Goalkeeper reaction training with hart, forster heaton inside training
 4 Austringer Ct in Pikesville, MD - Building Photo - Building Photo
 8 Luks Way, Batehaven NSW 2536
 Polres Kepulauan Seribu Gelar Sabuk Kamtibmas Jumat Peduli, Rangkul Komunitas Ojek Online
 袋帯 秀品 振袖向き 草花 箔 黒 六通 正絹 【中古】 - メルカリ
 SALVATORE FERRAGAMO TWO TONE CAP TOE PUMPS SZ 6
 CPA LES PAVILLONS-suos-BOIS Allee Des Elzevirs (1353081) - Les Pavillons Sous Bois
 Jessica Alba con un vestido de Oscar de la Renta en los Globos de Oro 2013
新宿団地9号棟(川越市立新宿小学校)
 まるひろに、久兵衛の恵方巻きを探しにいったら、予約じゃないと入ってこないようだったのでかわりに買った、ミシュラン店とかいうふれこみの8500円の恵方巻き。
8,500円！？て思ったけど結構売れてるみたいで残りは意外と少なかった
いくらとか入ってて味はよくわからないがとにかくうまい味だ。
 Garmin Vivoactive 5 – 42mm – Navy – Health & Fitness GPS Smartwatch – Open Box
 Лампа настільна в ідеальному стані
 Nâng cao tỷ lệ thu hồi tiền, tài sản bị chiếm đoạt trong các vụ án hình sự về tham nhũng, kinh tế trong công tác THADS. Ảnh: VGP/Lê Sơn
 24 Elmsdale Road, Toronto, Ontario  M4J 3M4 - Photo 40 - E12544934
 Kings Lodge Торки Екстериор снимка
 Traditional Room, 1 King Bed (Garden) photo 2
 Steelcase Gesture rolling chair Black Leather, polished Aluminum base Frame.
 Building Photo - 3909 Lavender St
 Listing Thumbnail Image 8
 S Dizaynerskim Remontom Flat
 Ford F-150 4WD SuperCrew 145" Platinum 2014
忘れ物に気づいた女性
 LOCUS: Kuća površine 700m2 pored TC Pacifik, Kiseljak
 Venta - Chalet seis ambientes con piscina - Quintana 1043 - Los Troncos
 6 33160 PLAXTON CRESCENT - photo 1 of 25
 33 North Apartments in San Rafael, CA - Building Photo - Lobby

═══

▶ [Exercise] Each line in the listing above that contains "Building" should be copied.

▶ [Reply to the task]
 4 Austringer Ct in Pikesville, MD - Building Photo - Building Photo
 Building Photo - 3909 Lavender St
 33 North Apartments in San Rafael, CA - Building Photo - Lobby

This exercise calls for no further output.